Armes nucléaires : vers des avancées parlementaires ?

Au terme de plusieurs mois de travail, deux députés, MM. Michel Fanget (Modem) et Jean-Paul Lecoq (communiste) viennent de rendre public leur rapport d’information : « L’arme nucléaire dans le monde, 50 ans après l’adoption du Traité sur la non-prolifération nucléaire ».

Ce rapport a été approuvé à l’unanimité le 11 juillet 2018 par la commission des Affaires étrangères de l’Assemblée nationale (regarder la vidéo du débat) et vient corroborer la volonté d’une majorité (67 %) de Français* qui souhaite que la France s’engage dans la ratification du Traité d’interdiction des armes nucléaires (TIAN).
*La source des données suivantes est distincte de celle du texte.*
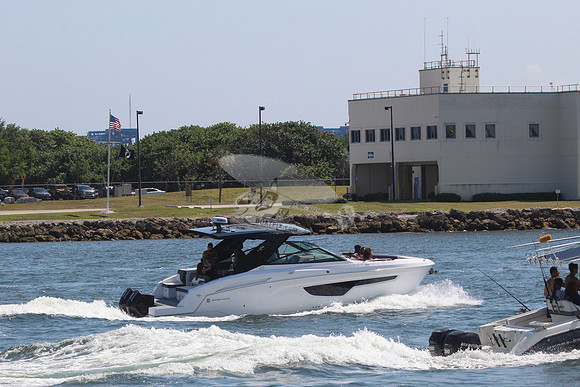 34 GLS.CRUISERS34.1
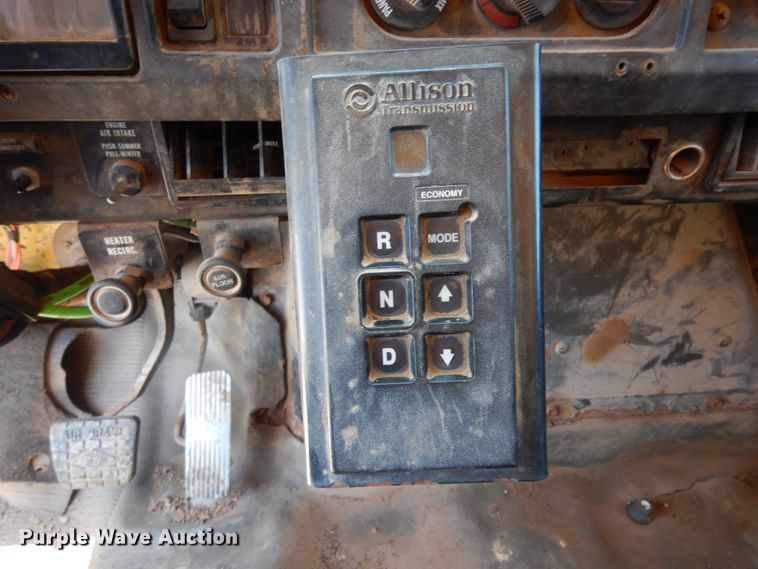 image for item DC2080 2002 International 2554  dump truck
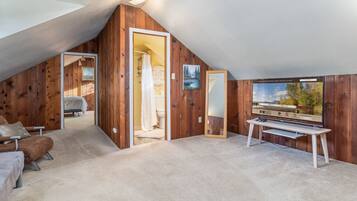 4 bedrooms, desk, iron/ironing board, free WiFi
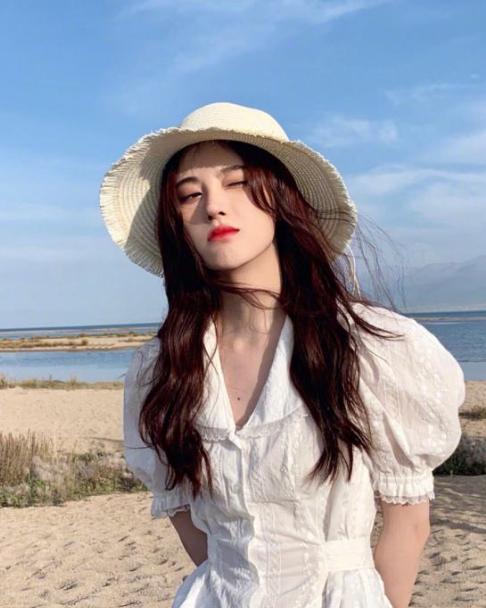 鞠婧祎露渣渣上衣造型,鞠婧祎简直是可爱到了极点的那种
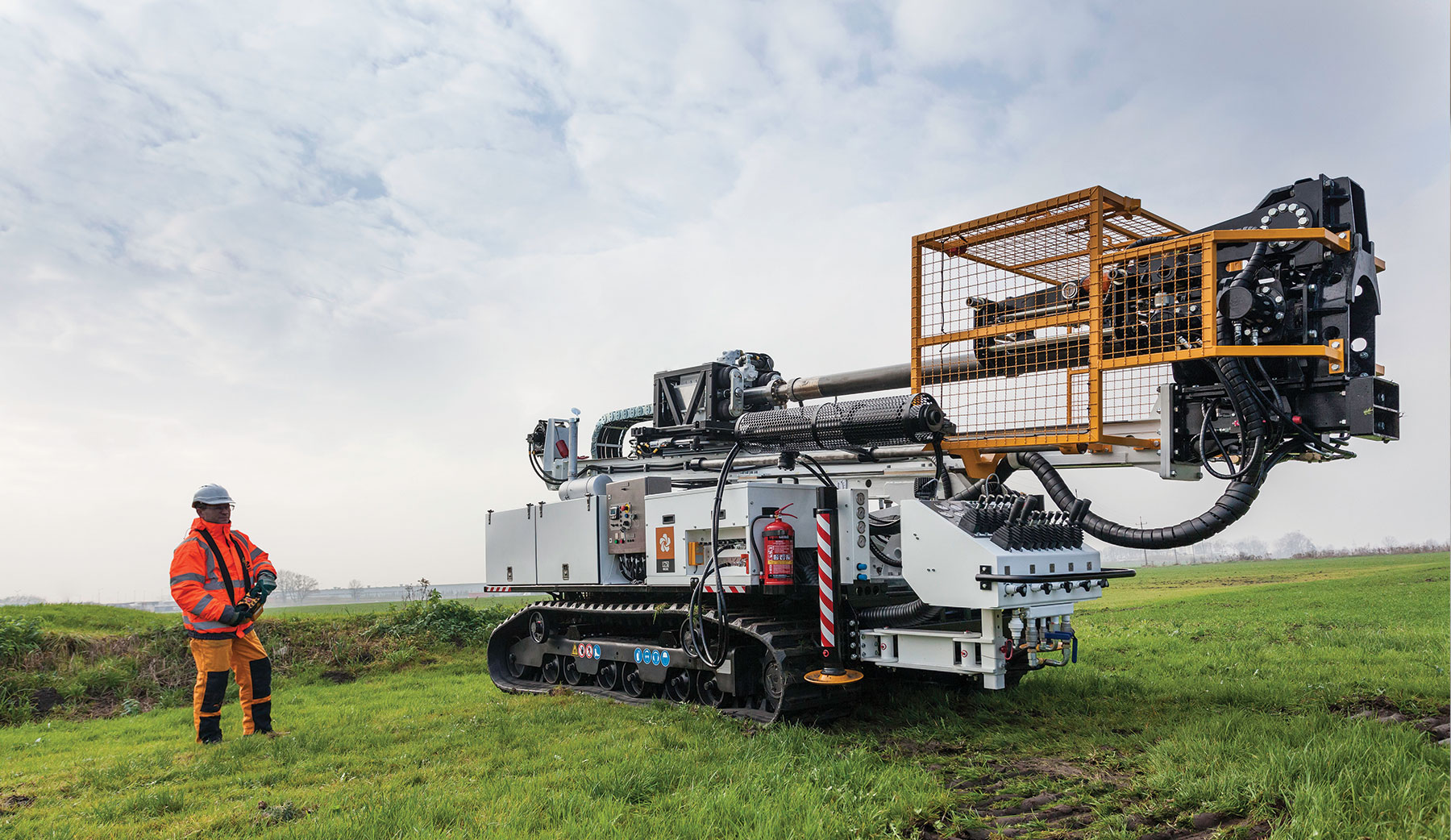 Longyear Rig 80 Sonic drill rig for a wide variety of drilling projects - Boart Longyear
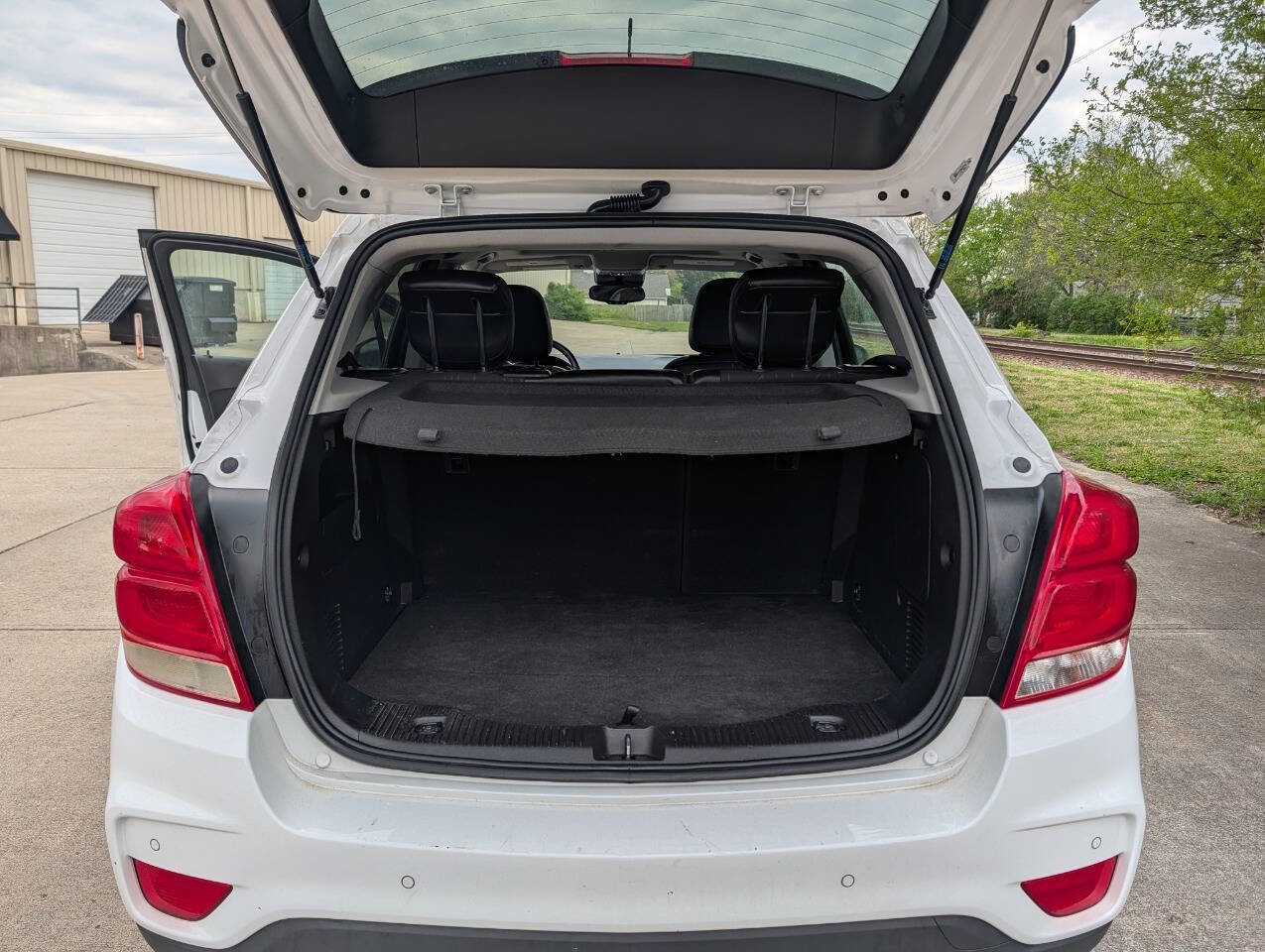 Used 2018 Chevrolet Trax LT w/ Sun & Sound Package image 5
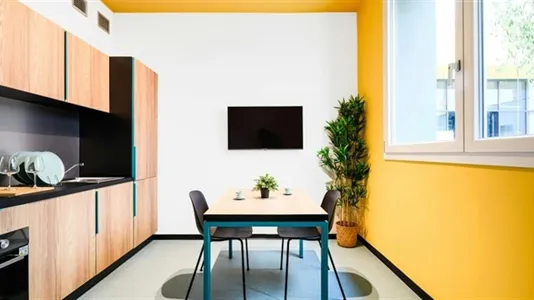 Apartments in Modena - photo 4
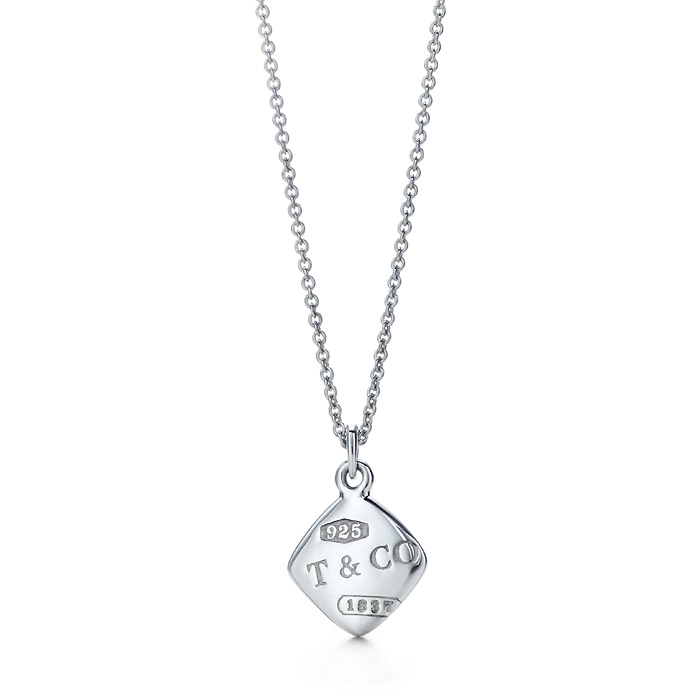 Mary and Dyer: Tiffany & Co Necklace Winner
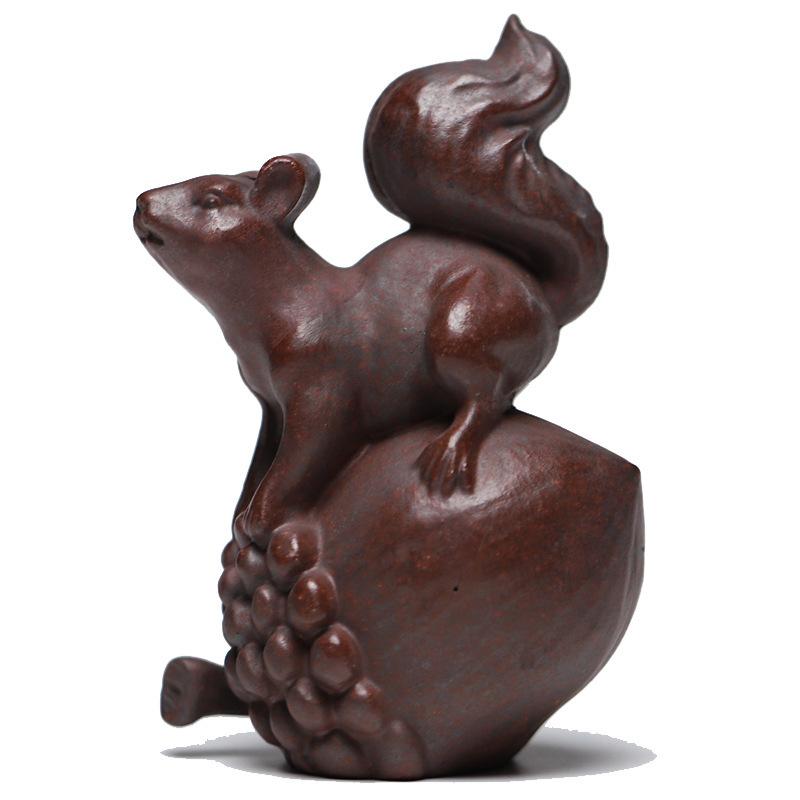 Purple Clay Squirrel Grape Tea Pet Creative Tea Spirit Tea Figurine Play Toys Tea Statue Ornaments Cha Accessories Collection
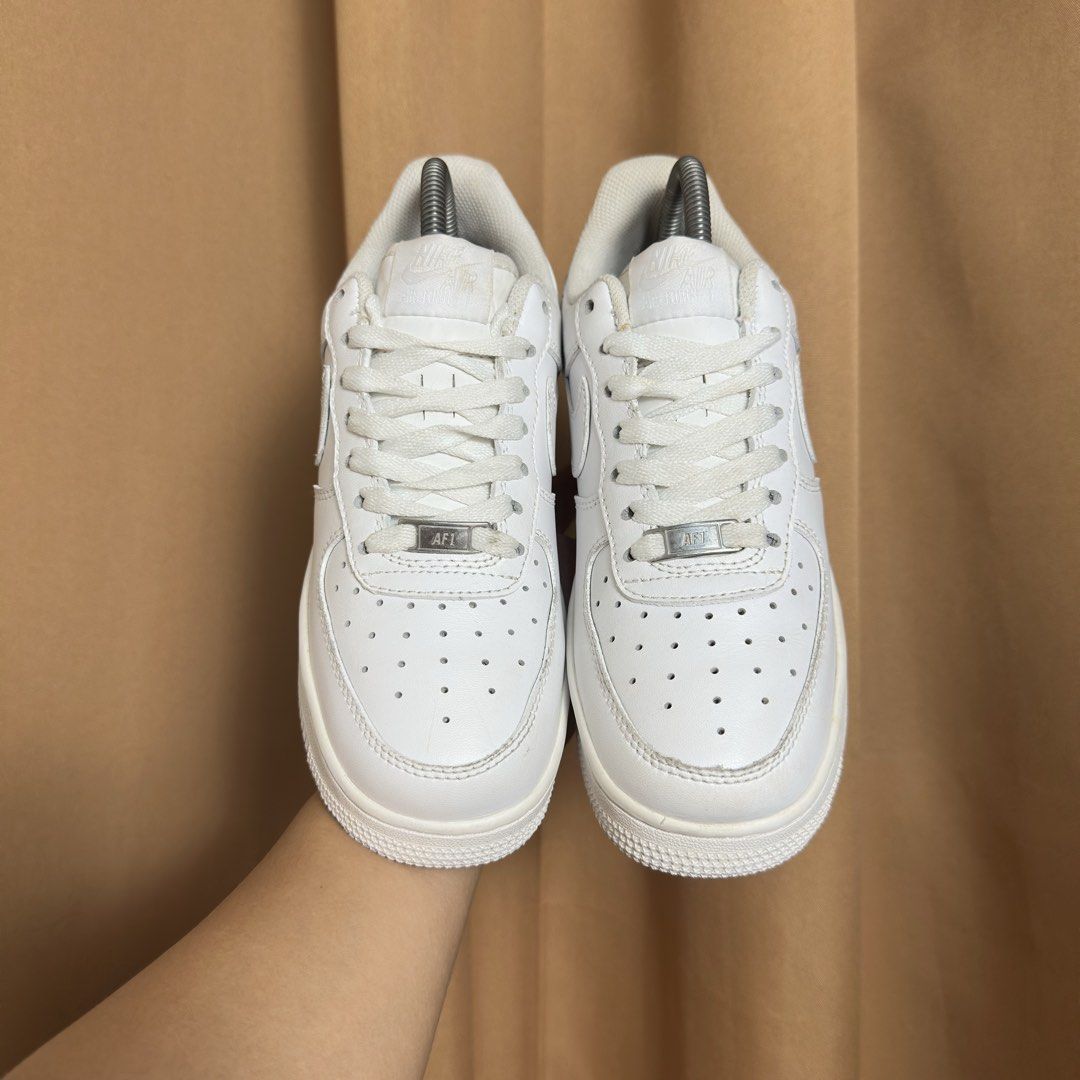 Air Force 1 Triple White (Category: Sneakers) located in Don Carlos. Submitted by rabearcelj59593 (Listing ID 1466321003, Image 2). Description: .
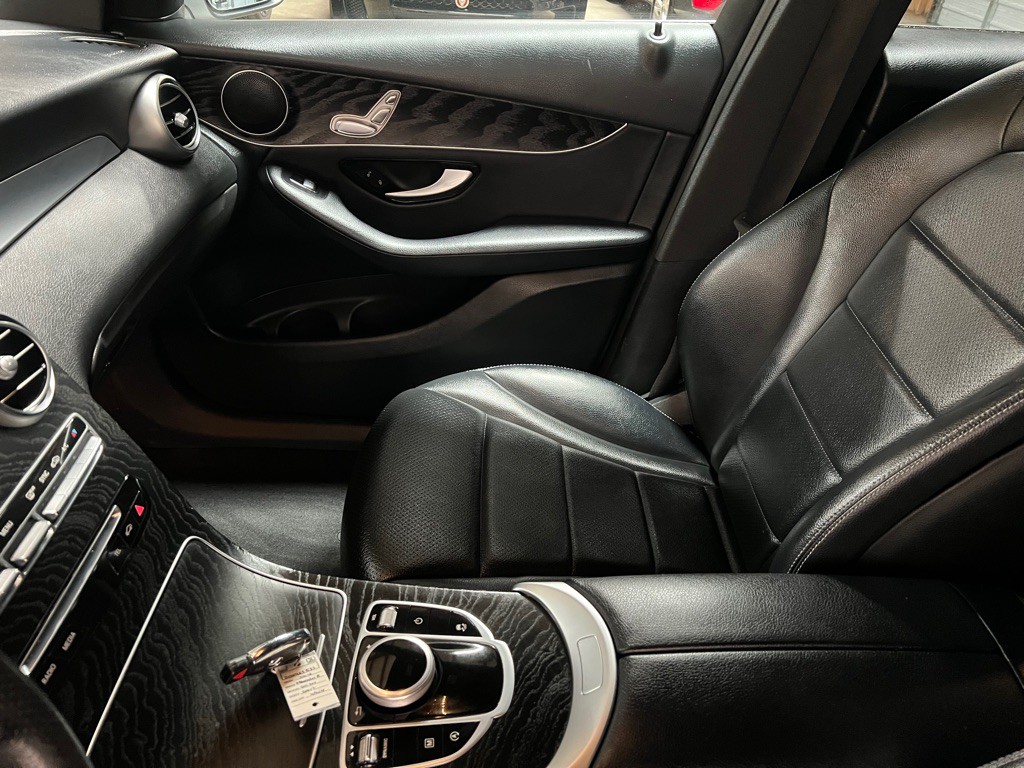 2018 Mercedes-Benz GLC-Class Image 18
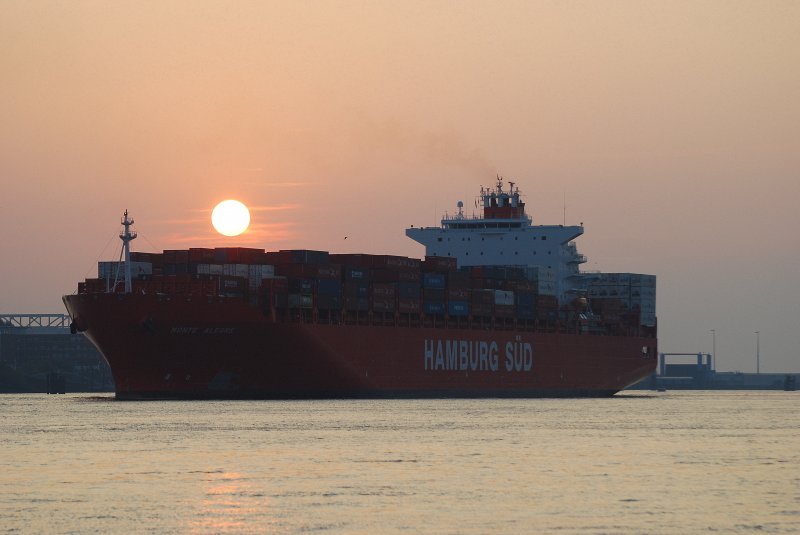 Rotes Containerschiff vor rot leuchtender Sonne die Monte Alegre IMO-Nummer:9348065 Flagge:Deutschland Lnge:272.0m Breite:40.0m vor Hamburg Teufelsbrck am 27.09.09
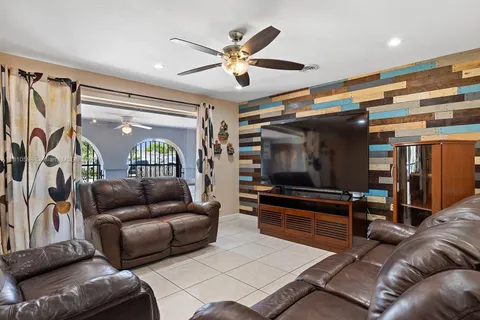 5808 Polk St, Hollywood FL 33021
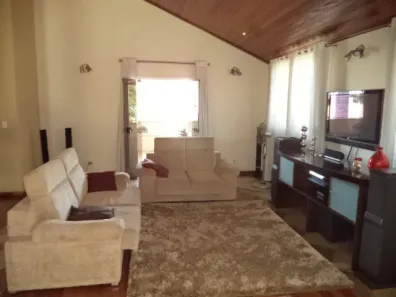 Casa com 5 Quartos à venda, 250m² no Trevo, Belo Horizonte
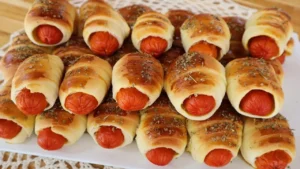 Enroladinho de Salsicha Fácil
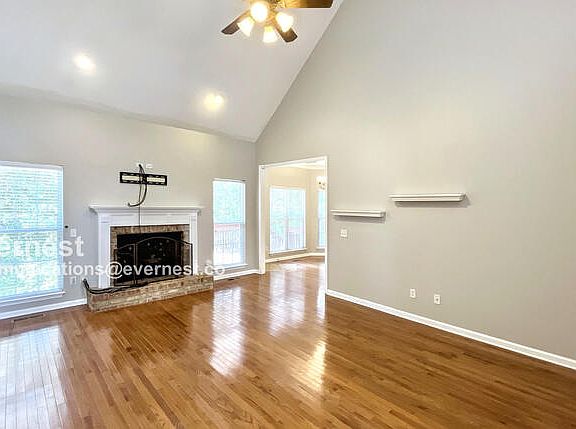 5th image of 5560 Crooked Creek Dr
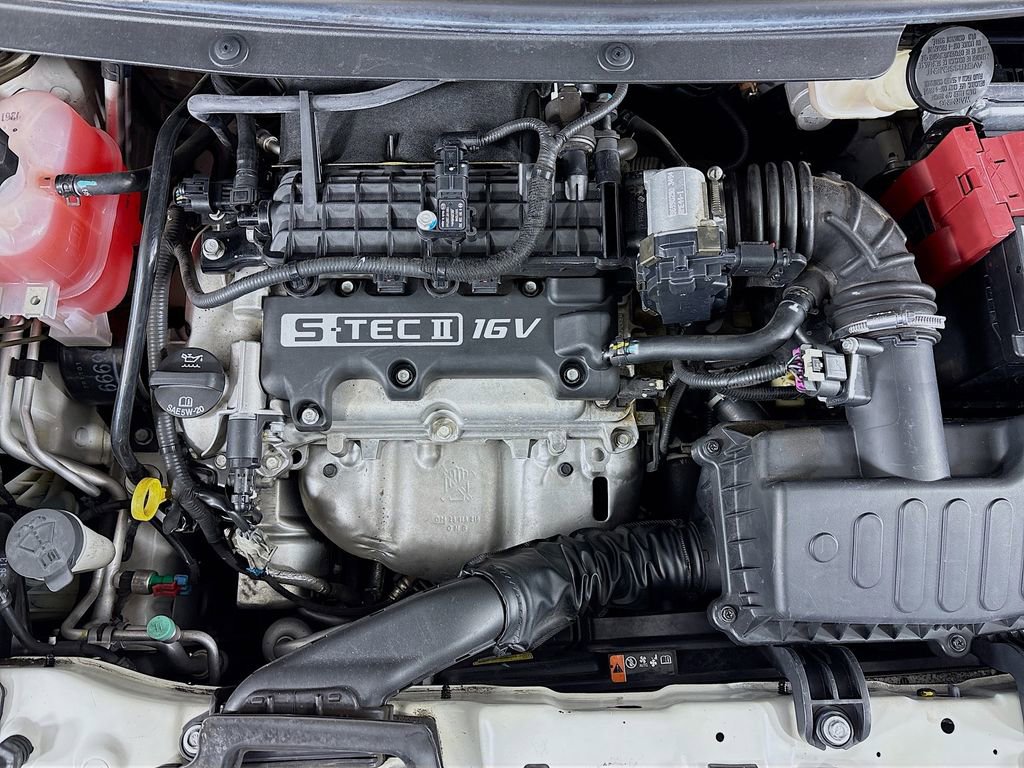 Used 2015 Chevrolet Spark LT image 27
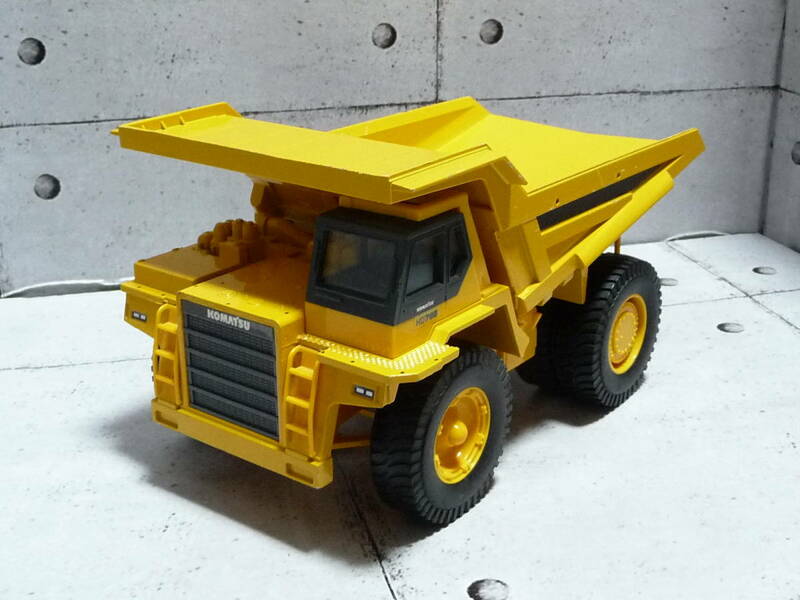 KOMATSU HD785 ダンプトラック　建設トラック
ICAN France — comme d’autres acteurs de la société civile  — figure parmi les personnes auditionnées.

Réalisée pour faire le point à l’aube du cinquantième anniversaire de l’adoption du Traité sur la non-prolifération nucléaire  (TNP) en prévision de la prochaine conférence d’examen de 2020, ce rapport est le premier document parlementaire à analyser la nouvelle donne créée par l’adoption du TIAN par l’ONU. Les auteurs soulignent que « l’avènement d’un monde sans armes nucléaires est en effet la seule issue viable pour l’humanité » tout en reconnaissant que « toutes les puissances nucléaires se livrent actuellement, à des degrés divers, à un effort de modernisation de leur force nucléaire ».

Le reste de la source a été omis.